Article Date: 12/1/2011

Combating Sick Building Syndrome
Dry Eye Dx and Tx

Combating Sick Building Syndrome

By Katherine M. Mastrota, MS, OD, FAAO

I grew up in New York City. The ubiquitous availability of public transportation at any hour of the day or night and the close proximity to just about anything I ever needed has left me devoid of one coming-of-age precious tool of freedom: a driver's license. I am also a very "sensitive" car passenger, easily cast into nausea by the motion of the vehicle, so I always sit in the front seat next to the driver. Hence, in a hired car en route to a lecture, I met Ray, my driver.

Ray is a healthy, active 42-year-old who drives for the limousine company he owns. When I told Ray I was on my way to lecture about dry eye, he said, "I used to have that." "Used to?" I asked, my interest immediately piqued. "How was your dry eye cured?" His response was, "I quit my job."

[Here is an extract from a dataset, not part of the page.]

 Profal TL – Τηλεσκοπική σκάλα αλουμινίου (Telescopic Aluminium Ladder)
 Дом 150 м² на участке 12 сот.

In his previous career, Ray was ensconced in an office cubicle in the Big Apple, where he could not always open a window for a breath of air. Had the change in work environment accompanying his career change "cured" Ray? Surely there are many other variables to consider, but for Ray, this move to a more out-of-doors occupation freed him from ocular discomfort and allowed him to return to comfortable contact lens wear. Could Ray have been suffering from sick building syndrome (SBS)?

What is SBS?

The term "sick building syndrome" describes a group of symptoms that appear to be associated with time spent in a building but cannot be linked to a specific illness or cause. Symptoms include headache, dry cough, dry or itchy skin, dizziness, nausea, difficulty concentrating, fatigue, sensitivity to odors and, of specific interest, nose, throat or eye irritation.

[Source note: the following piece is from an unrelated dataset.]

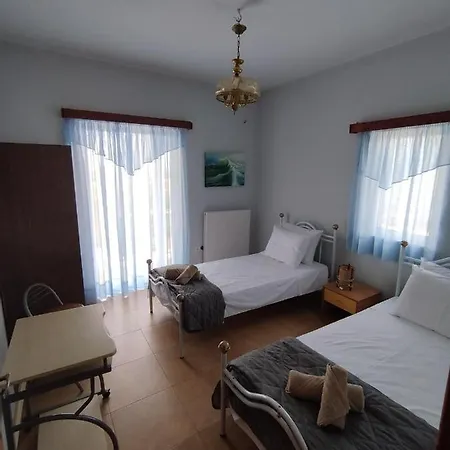 Apartment Agnadi View Argos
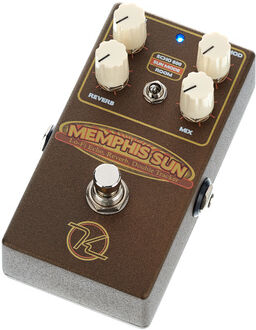 Keeley Memphis Sun Echo & Reverb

Symptoms of SBS are likely the result of a combination of factors, which may include:

• Chemical pollutants from adhesives, carpeting, upholstery, manufactured wood products, copy machines, pesticides and cleaning agents, which may emit volatile organic compounds (VOCs), including formaldehyde
• Ozone produced by printers and photocopiers
• Biological pollutants, such as viruses, bacteria, dust mites, pollen and toxic black mold
• Inadequate ventilation from malfunctioning heating, ventilation and air-conditioning systems
• Other factors, such as poor lighting, fluorescent lighting, absence of sunlight, humidity, temperature, noise, poor office design or poor ergonomics.

Even psychological factors—excessive work stress, job dissatisfaction, poor morale, poor interpersonal relationships, poor communication—can contribute to symptoms of SBS.

Environmental Modifications

The U.S. Environmental Protection Agency recommends several measures to combat SBS. Core workplace modifications include increased ventilation, air cleaning and pollutant removal. One nontraditional method for improving indoor air quality is phytoremediation.

Phytoremediation is the use of plants to remove, metabolize or degrade toxic environmental materials. The American Society for Horticultural Science reviewed several species of houseplants considered viable phytoremediation candidates for homes and offices where volatile formaldehyde is a concern. Along with our traditional treatments, perhaps we should nurture the gardener in our patients and prescribe a pretty philodendron to add to their environment to help manage ocular surface complaints. CLS

For references, please visit www.clspectrum.com/references.asp and click on document #193.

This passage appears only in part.